- _What the exercise asks_: Would you output the entries below only from the line containing "a spacious bathroom" through the line containing "A race car is", exactly as they stand and with both ends included?

[Records contained in a dataset]
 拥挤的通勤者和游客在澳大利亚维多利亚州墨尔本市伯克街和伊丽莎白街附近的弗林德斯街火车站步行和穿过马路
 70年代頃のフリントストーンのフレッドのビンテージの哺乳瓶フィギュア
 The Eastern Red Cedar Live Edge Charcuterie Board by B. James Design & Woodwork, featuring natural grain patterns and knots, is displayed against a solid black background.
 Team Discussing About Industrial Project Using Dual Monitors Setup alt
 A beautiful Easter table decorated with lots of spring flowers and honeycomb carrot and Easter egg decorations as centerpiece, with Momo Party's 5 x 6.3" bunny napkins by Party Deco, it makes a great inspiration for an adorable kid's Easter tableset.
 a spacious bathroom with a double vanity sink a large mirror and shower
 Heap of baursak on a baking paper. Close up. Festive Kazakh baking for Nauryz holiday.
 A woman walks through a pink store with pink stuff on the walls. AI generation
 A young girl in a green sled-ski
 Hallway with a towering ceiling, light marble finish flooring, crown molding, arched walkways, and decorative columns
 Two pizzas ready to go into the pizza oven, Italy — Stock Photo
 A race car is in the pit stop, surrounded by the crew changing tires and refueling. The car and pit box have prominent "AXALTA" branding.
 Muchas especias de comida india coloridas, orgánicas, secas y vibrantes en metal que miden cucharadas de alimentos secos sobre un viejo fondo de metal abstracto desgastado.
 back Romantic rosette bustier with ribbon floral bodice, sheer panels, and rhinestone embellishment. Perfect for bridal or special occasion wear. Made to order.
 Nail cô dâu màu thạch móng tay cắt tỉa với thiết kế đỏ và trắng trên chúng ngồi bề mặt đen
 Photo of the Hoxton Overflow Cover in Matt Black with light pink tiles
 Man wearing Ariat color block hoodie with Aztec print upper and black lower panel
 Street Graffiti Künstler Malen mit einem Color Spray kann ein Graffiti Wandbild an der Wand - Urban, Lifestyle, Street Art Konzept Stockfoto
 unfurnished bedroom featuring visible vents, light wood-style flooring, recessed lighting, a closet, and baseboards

- _Output of the task_:
 a spacious bathroom with a double vanity sink a large mirror and shower
 Heap of baursak on a baking paper. Close up. Festive Kazakh baking for Nauryz holiday.
 A woman walks through a pink store with pink stuff on the walls. AI generation
 A young girl in a green sled-ski
 Hallway with a towering ceiling, light marble finish flooring, crown molding, arched walkways, and decorative columns
 Two pizzas ready to go into the pizza oven, Italy — Stock Photo
 A race car is in the pit stop, surrounded by the crew changing tires and refueling. The car and pit box have prominent "AXALTA" branding.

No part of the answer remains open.